Stargazers are buzzing about a bright new comet. The ball of dust and ice is formally named C/2023 P1, but is also called Comet Nishimura, after the Japanese photographer who first spotted it.
It will be visible for the next few mornings, just before sunrise, when it will glow green low on the horizon.
What is a comet?
Comets are frozen leftovers from the formation of the solar system composed of dust, rock, and ice. They range from a few miles to tens of miles wide, but as they orbit closer to the Sun, they heat up and spew gases and dust into a glowing head that can be larger than a planet. This material forms a tail that stretches millions of miles.
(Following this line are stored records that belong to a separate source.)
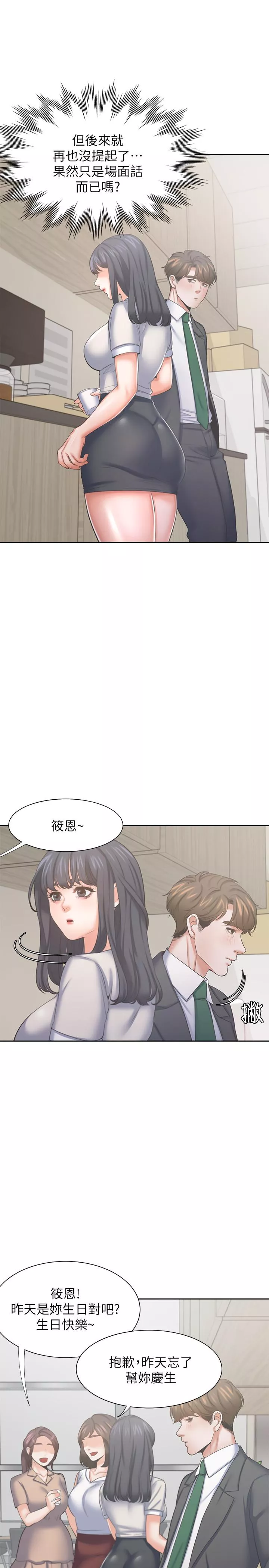 渴望_爱火难耐第35话-危险但有魅力的女人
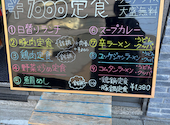 炭火焼肉 黒れんが: eikoさんの2026年03月29日の2枚目の投稿写真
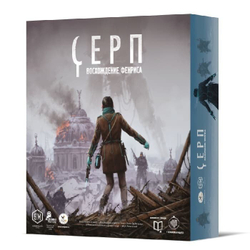 Серп. Восхождение Фенриса (уценённый товар)-16075-SP-crowdgames.ru-1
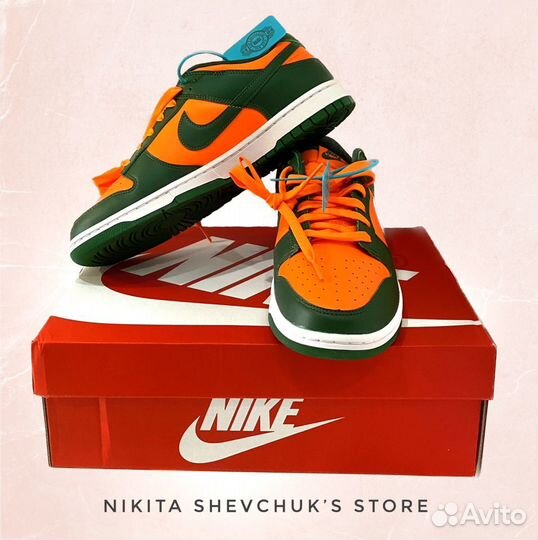 Nike dunk low miami hurricanes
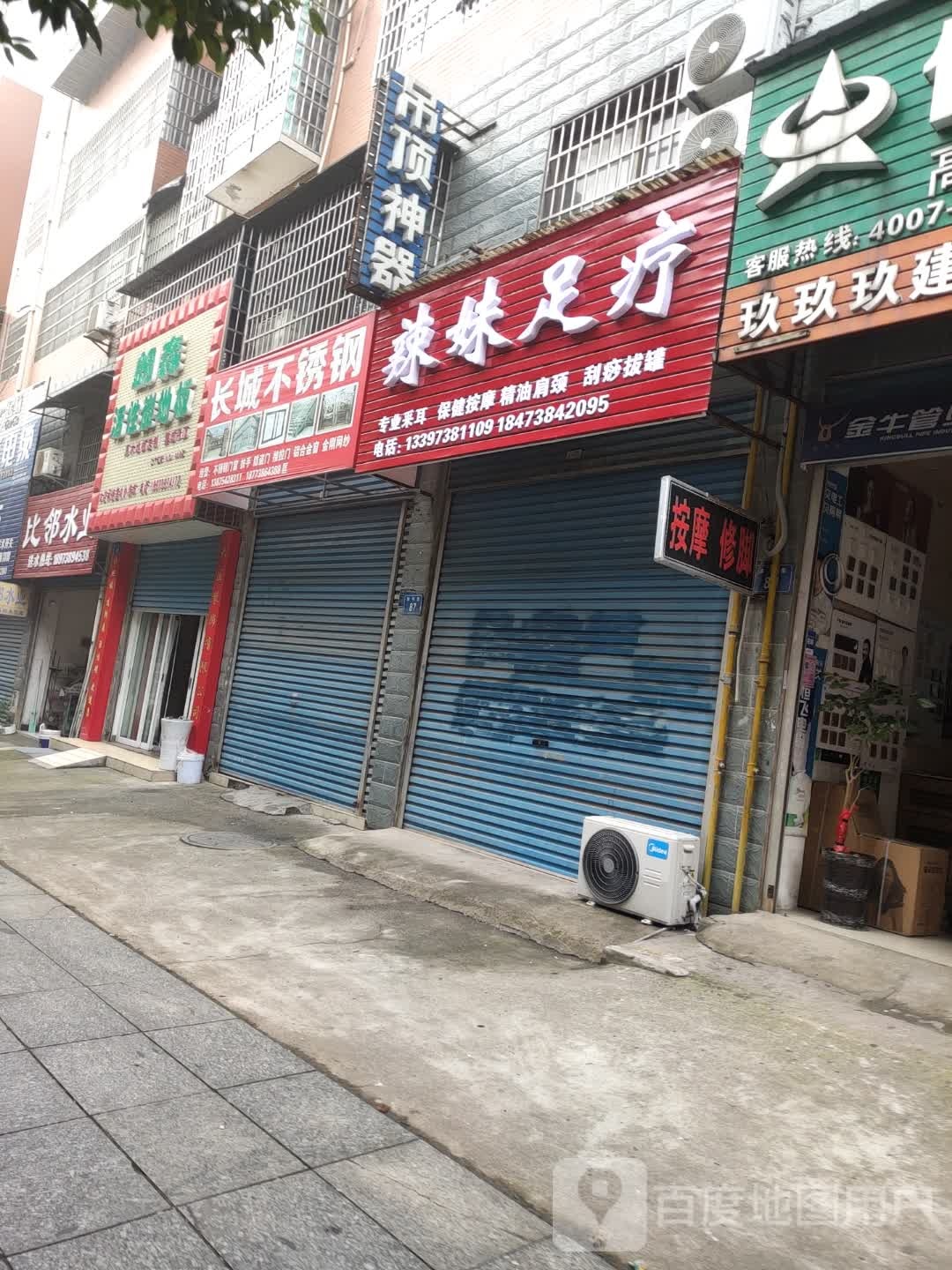 辣妹足疗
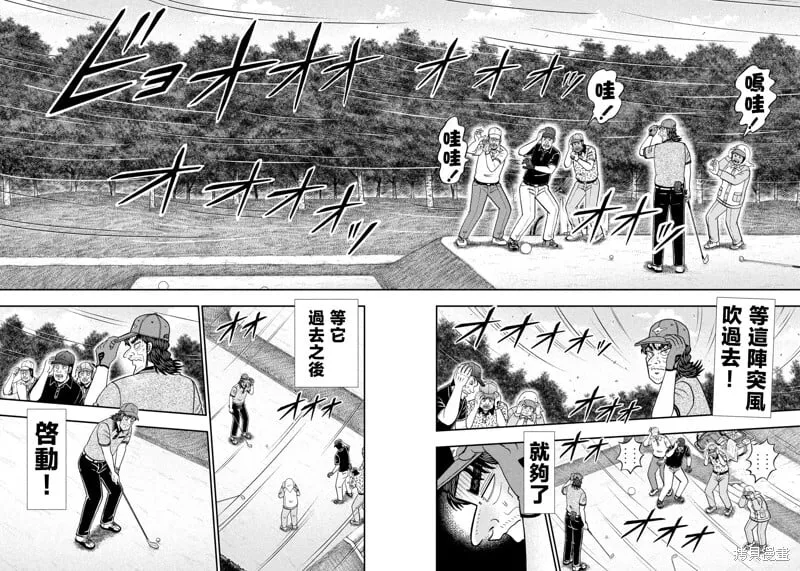 第63话 第15页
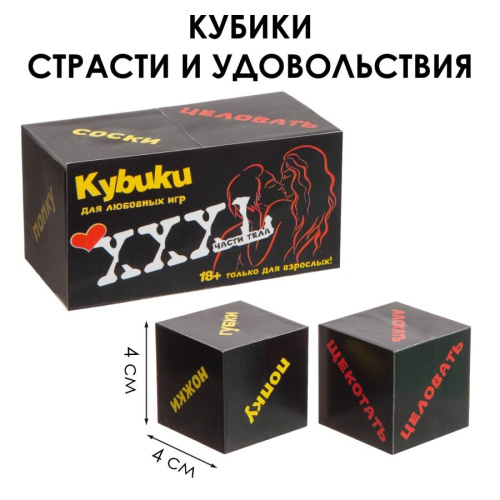 Части тела - Секс кубики для взрослых , 4 х 4 см, набор 2 шт, 18+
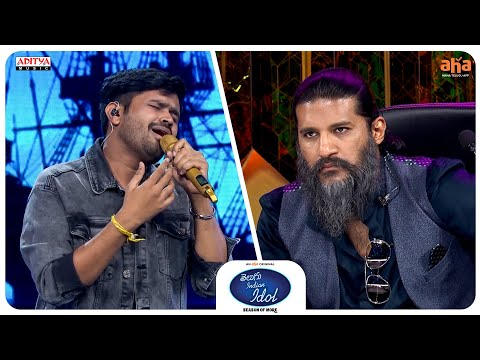 Telugu Indian Idol S3 | Nuvvante Pranamani Song by Anirudh Suswaram | Thaman S, Geetha Madhuri
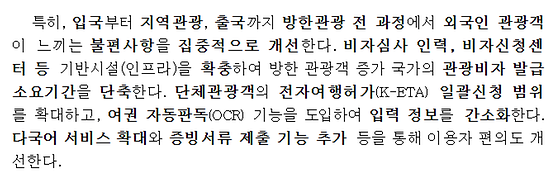 기반 시설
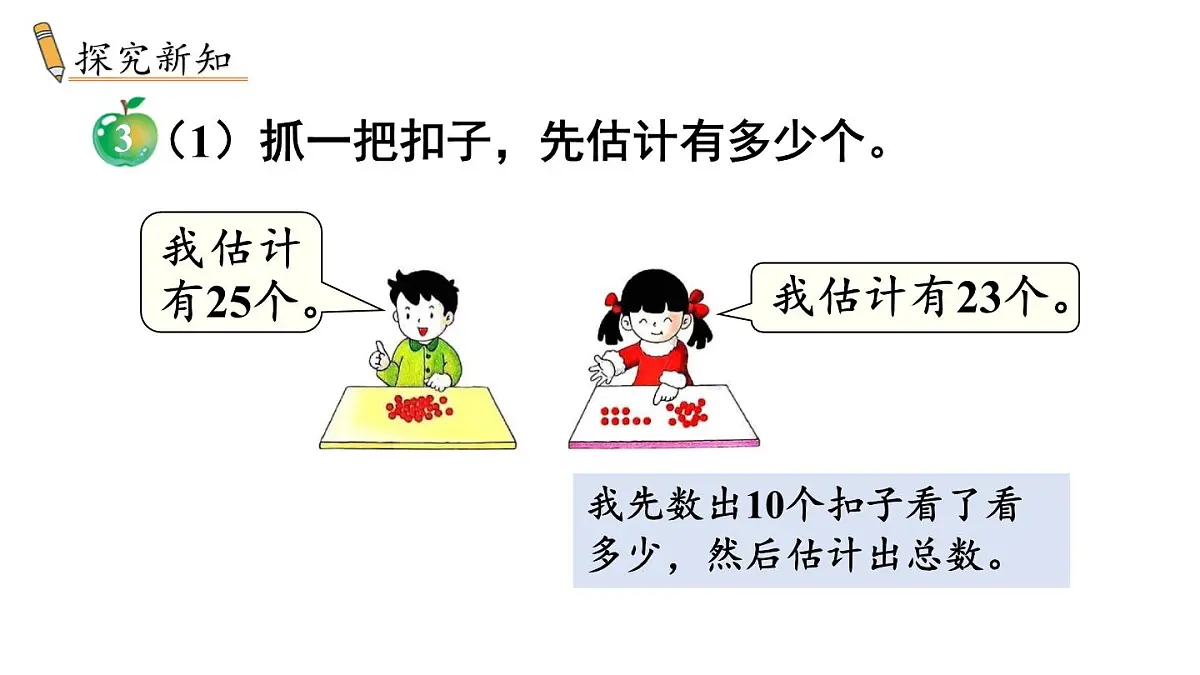 小学数学新冀教版一年级下册三100以内的数与加减法第2课时 估数与数数教学课件2025春第3页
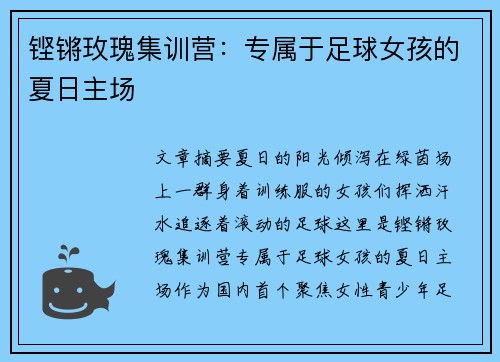 铿锵玫瑰集训营：专属于足球女孩的夏日主场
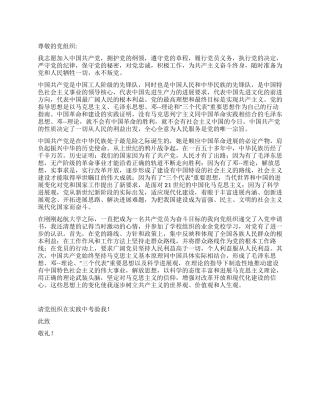 2024年6月大学生入党志愿书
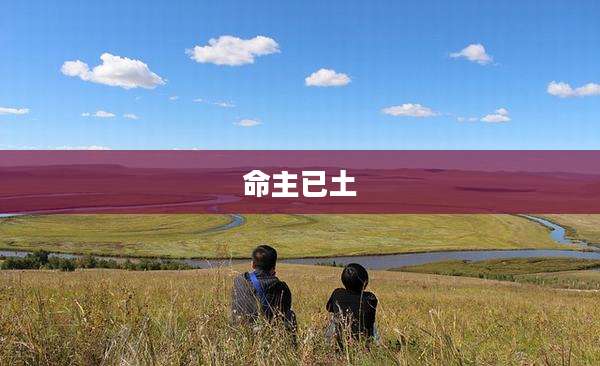 命主已土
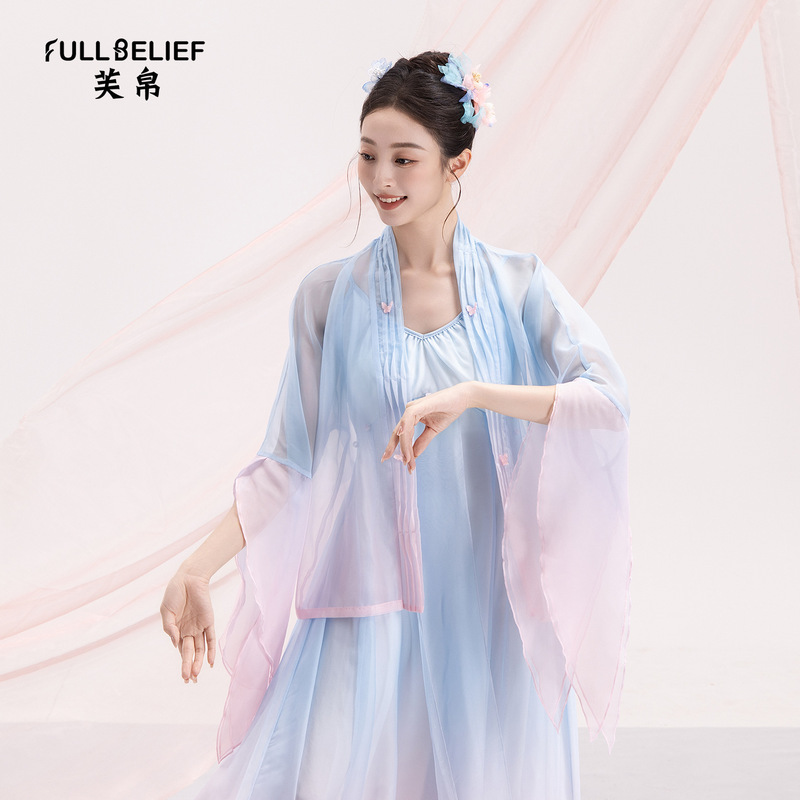 Fubo Classical Dance Costume for Women, Elegant Performance Outfit, Short Practice Wear, Gauze Dress with Small Flared Sleeves, Gradient Color Short Outerwear Fubo Classical Dance Costume for Women, Elegant Performance Outfit, Short Practice Wear, Gauze Dress with Small Flared Sleeves, Gradient Color Short Outerwear
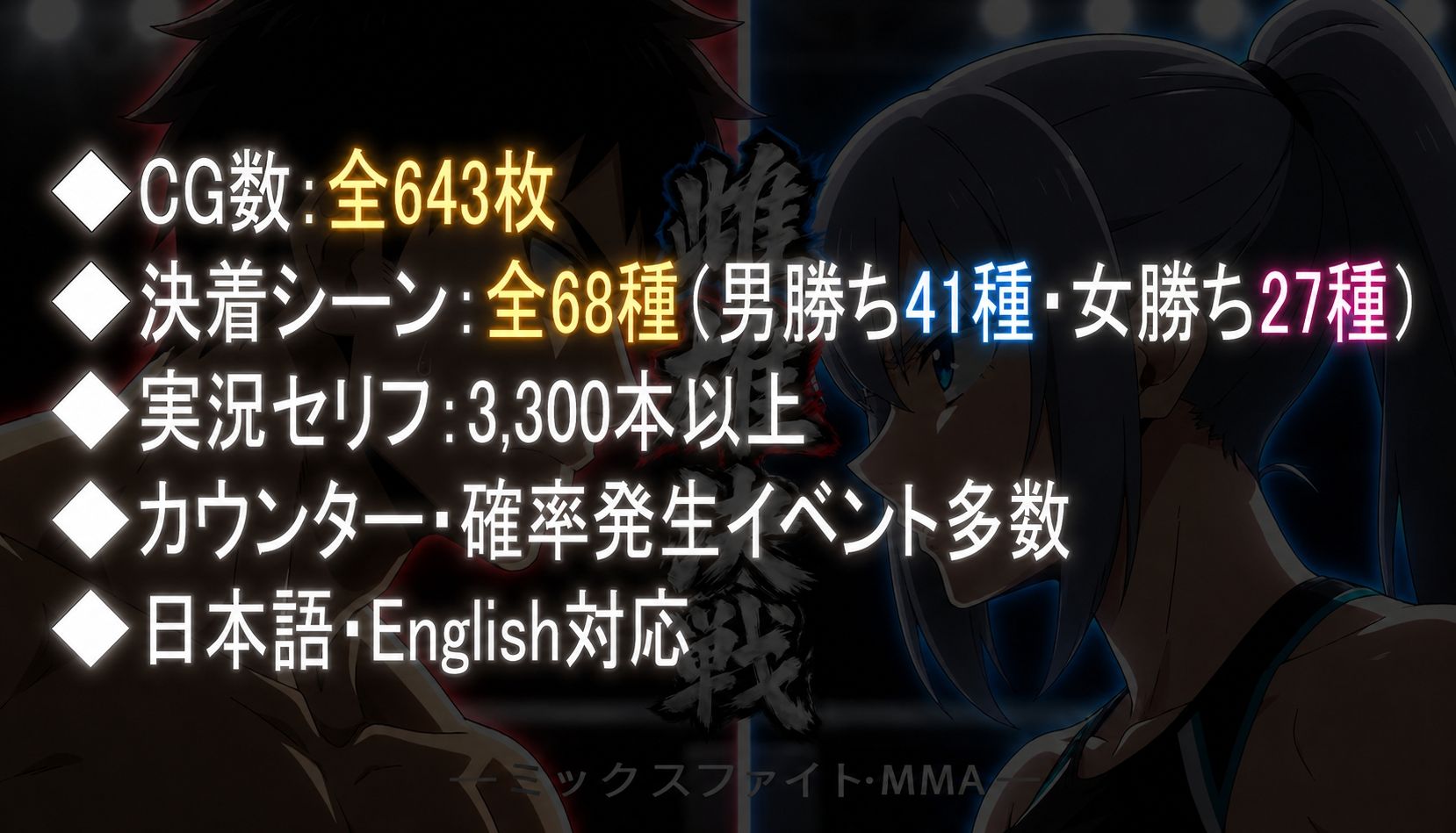 雌雄決戦 サンプル画像 10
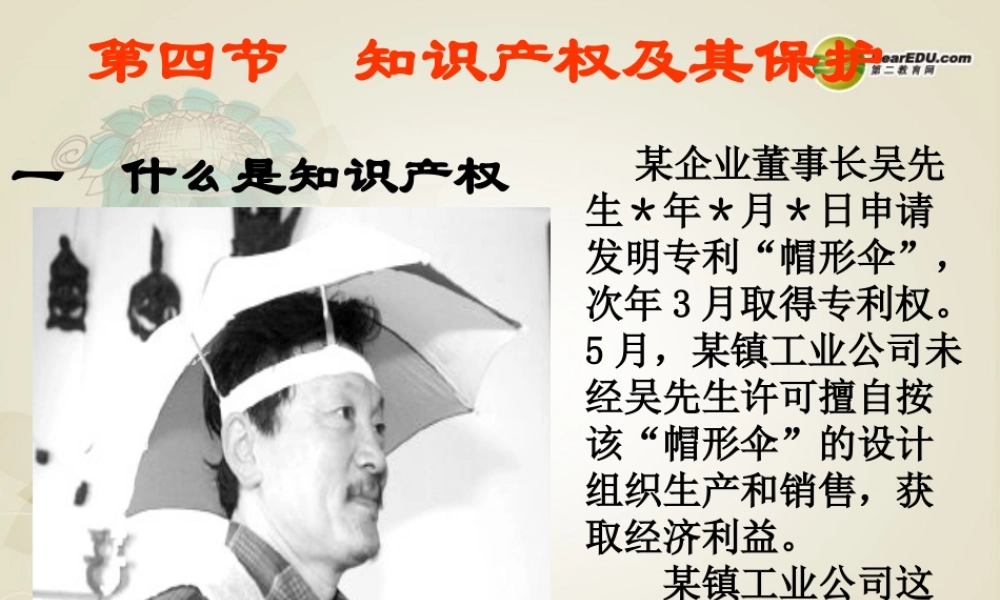 2014年高中通用技术 1.4知识产权课件 地质版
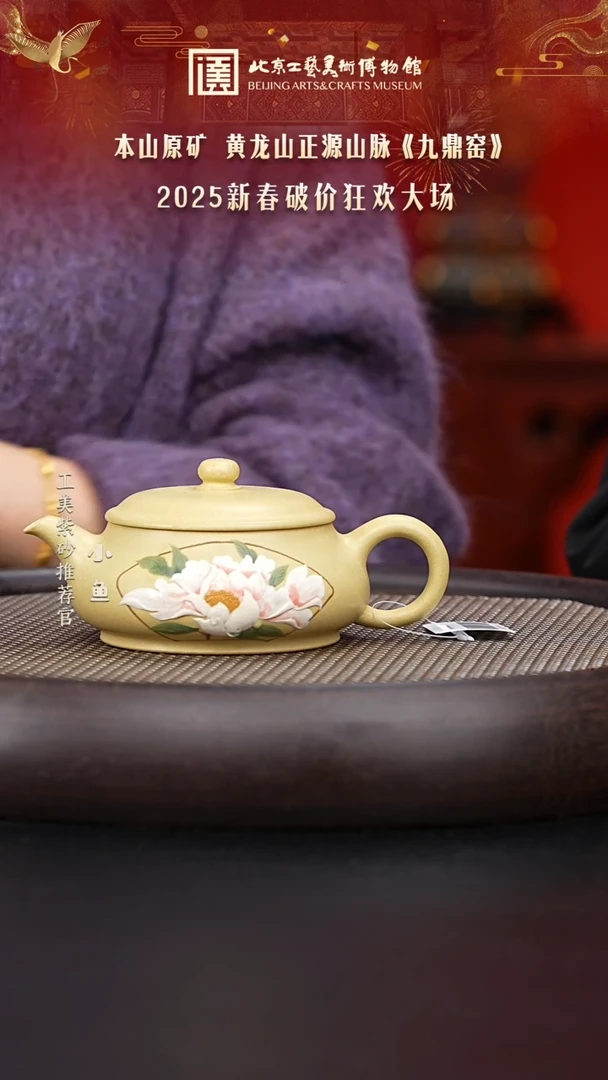 【闪购商品】紫砂茶壶045 国企品牌 紫砂溯源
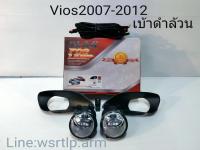 ส่งฟรี ไฟตัดหมอก Vios วีออส 2007-2012 สปอทไลท์ Spotlight เบ้าสีดำล้วน Vios07-12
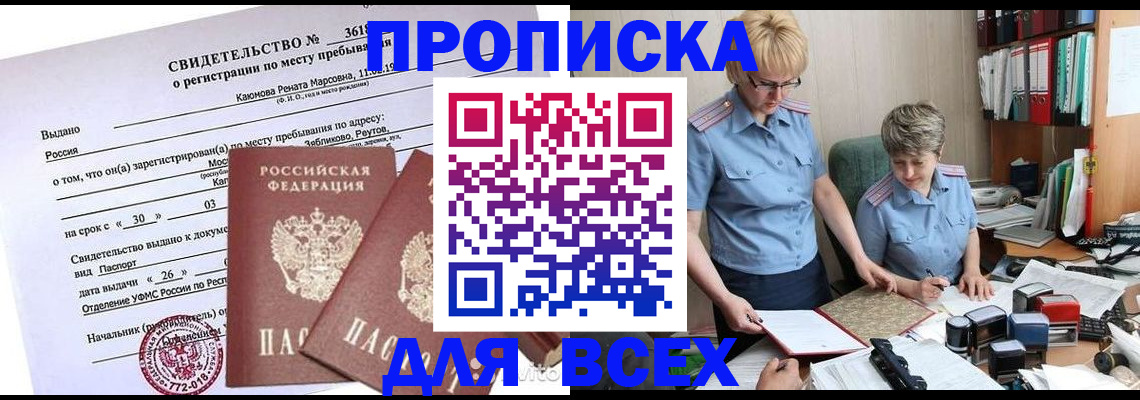 прописка для кредита в Минеральных Водах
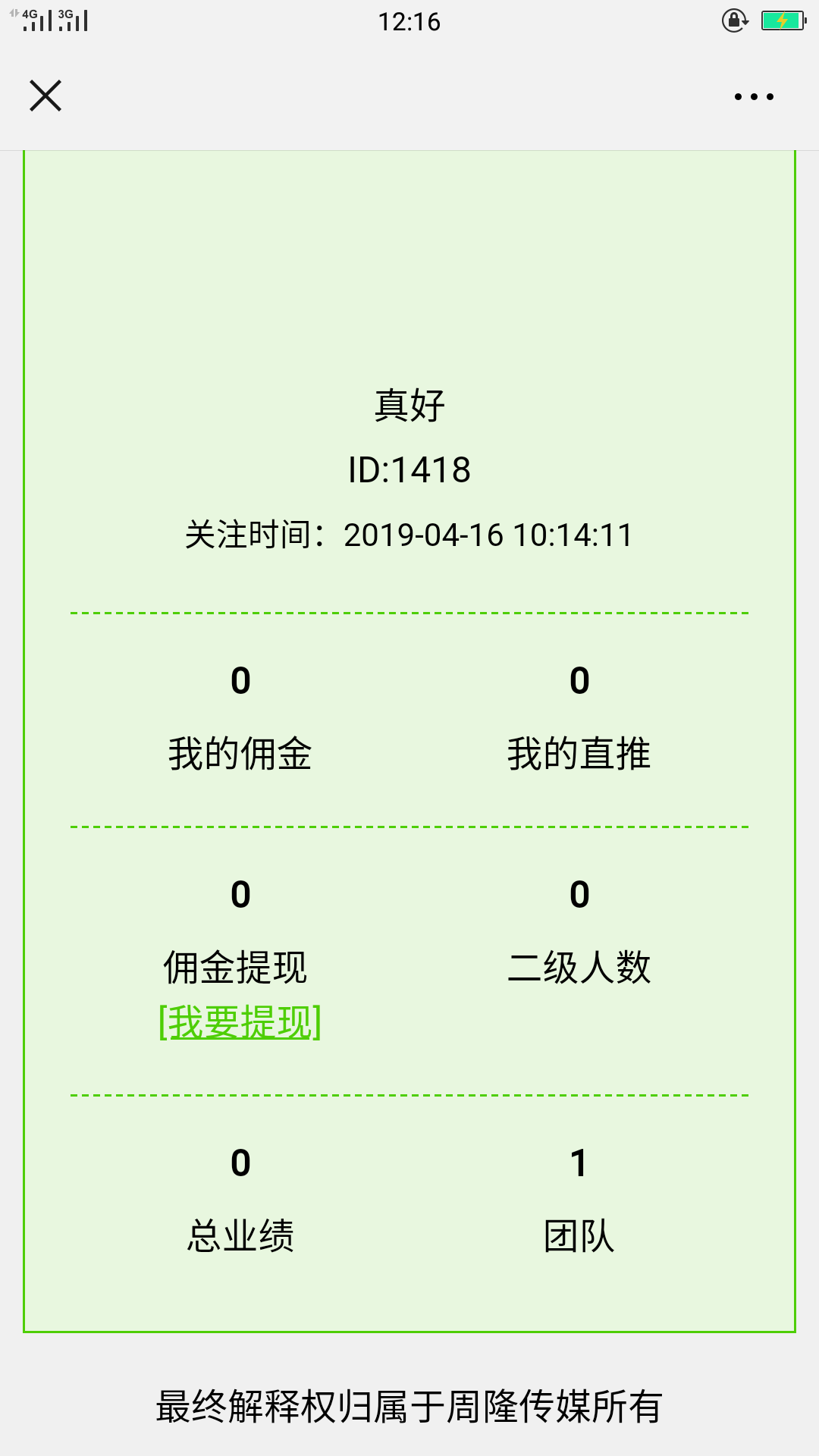 聊天也可以挣钱 验收样图2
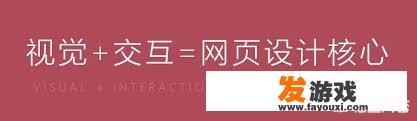 梦幻西游网页版情侣衣服怎么得？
How was the comet discovered?
Mr. Nishimura captured the comet on Aug. 12 while imaging the sky before sunrise with a digital camera — the third comet he has discovered. He reported the sighting to the Central Bureau for Astronomical Telegrams, which alerted astronomers around the world.
How can I see the comet?
The best time to catch Comet Nishimura is over the coming mornings. Its brightness will peak over the weekend and into Monday’s sunrise, rivaling that of the North Star. You can use binoculars or a telescope for an even better view.
To see Comet Nishimura, first go to a location where you can clearly see the eastern horizon, without any trees or other barriers in the way. Over the ocean, atop a high-rise building or on a cliff-top are great sites.
To find the comet in the sky, set up shop about an hour and a half before sunrise, and look for a small streak to the lower left of Venus, a bright orb in the east just above the horizon. Another way to track down the comet is to look to the left of Regulus, a bright star in the constellation Leo.
After Sept. 11, Comet Nishimura will dip below the horizon and be more difficult to find in the evening sky because of the brightness of the sunset.